* _Task_:
Reproduce the records below in their entirety, character for character.

[Records contained in a dataset]
☆ ☆ ☆ ☆ ☆ ☆ ☆

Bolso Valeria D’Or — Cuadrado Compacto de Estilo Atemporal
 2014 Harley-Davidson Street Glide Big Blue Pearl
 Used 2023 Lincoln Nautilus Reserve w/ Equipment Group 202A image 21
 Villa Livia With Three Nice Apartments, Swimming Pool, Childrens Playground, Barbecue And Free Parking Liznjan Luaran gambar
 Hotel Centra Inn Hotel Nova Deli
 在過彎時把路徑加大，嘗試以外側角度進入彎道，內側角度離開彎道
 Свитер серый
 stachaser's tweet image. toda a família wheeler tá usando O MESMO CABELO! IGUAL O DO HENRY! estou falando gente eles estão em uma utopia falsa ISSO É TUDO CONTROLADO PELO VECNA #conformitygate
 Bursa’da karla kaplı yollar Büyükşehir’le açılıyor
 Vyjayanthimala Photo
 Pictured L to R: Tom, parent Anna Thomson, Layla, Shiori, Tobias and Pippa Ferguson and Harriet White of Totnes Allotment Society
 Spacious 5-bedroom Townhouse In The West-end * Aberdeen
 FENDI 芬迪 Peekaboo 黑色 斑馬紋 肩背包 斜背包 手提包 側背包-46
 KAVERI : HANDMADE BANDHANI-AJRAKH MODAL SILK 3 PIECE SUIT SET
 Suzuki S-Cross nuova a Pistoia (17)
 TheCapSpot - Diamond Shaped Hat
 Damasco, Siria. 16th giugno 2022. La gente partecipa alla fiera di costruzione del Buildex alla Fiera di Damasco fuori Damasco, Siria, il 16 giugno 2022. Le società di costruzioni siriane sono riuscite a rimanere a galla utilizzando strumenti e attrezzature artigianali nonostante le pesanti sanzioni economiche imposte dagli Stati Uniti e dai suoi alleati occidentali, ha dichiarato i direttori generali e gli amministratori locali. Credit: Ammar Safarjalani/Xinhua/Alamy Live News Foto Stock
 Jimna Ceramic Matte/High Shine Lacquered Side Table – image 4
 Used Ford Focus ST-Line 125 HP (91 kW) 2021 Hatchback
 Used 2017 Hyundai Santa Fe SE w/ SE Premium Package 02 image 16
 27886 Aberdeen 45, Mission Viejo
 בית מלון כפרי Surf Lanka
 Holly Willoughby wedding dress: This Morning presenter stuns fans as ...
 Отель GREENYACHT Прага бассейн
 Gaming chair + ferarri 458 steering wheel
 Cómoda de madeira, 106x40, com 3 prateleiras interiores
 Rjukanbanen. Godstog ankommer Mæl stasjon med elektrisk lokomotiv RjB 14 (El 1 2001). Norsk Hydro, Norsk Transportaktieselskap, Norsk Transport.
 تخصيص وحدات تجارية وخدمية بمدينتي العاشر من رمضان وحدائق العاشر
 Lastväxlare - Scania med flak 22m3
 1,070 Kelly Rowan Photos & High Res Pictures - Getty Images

☆ ☆ ☆ ☆ ☆ ☆ ☆

* _Response_:
Bolso Valeria D’Or — Cuadrado Compacto de Estilo Atemporal
 2014 Harley-Davidson Street Glide Big Blue Pearl
 Used 2023 Lincoln Nautilus Reserve w/ Equipment Group 202A image 21
 Villa Livia With Three Nice Apartments, Swimming Pool, Childrens Playground, Barbecue And Free Parking Liznjan Luaran gambar
 Hotel Centra Inn Hotel Nova Deli
 在過彎時把路徑加大，嘗試以外側角度進入彎道，內側角度離開彎道
 Свитер серый
 stachaser's tweet image. toda a família wheeler tá usando O MESMO CABELO! IGUAL O DO HENRY! estou falando gente eles estão em uma utopia falsa ISSO É TUDO CONTROLADO PELO VECNA #conformitygate
 Bursa’da karla kaplı yollar Büyükşehir’le açılıyor
 Vyjayanthimala Photo
 Pictured L to R: Tom, parent Anna Thomson, Layla, Shiori, Tobias and Pippa Ferguson and Harriet White of Totnes Allotment Society
 Spacious 5-bedroom Townhouse In The West-end * Aberdeen
 FENDI 芬迪 Peekaboo 黑色 斑馬紋 肩背包 斜背包 手提包 側背包-46
 KAVERI : HANDMADE BANDHANI-AJRAKH MODAL SILK 3 PIECE SUIT SET
 Suzuki S-Cross nuova a Pistoia (17)
 TheCapSpot - Diamond Shaped Hat
 Damasco, Siria. 16th giugno 2022. La gente partecipa alla fiera di costruzione del Buildex alla Fiera di Damasco fuori Damasco, Siria, il 16 giugno 2022. Le società di costruzioni siriane sono riuscite a rimanere a galla utilizzando strumenti e attrezzature artigianali nonostante le pesanti sanzioni economiche imposte dagli Stati Uniti e dai suoi alleati occidentali, ha dichiarato i direttori generali e gli amministratori locali. Credit: Ammar Safarjalani/Xinhua/Alamy Live News Foto Stock
 Jimna Ceramic Matte/High Shine Lacquered Side Table – image 4
 Used Ford Focus ST-Line 125 HP (91 kW) 2021 Hatchback
 Used 2017 Hyundai Santa Fe SE w/ SE Premium Package 02 image 16
 27886 Aberdeen 45, Mission Viejo
 בית מלון כפרי Surf Lanka
 Holly Willoughby wedding dress: This Morning presenter stuns fans as ...
 Отель GREENYACHT Прага бассейн
 Gaming chair + ferarri 458 steering wheel
 Cómoda de madeira, 106x40, com 3 prateleiras interiores
 Rjukanbanen. Godstog ankommer Mæl stasjon med elektrisk lokomotiv RjB 14 (El 1 2001). Norsk Hydro, Norsk Transportaktieselskap, Norsk Transport.
 تخصيص وحدات تجارية وخدمية بمدينتي العاشر من رمضان وحدائق العاشر
 Lastväxlare - Scania med flak 22m3
 1,070 Kelly Rowan Photos & High Res Pictures - Getty Images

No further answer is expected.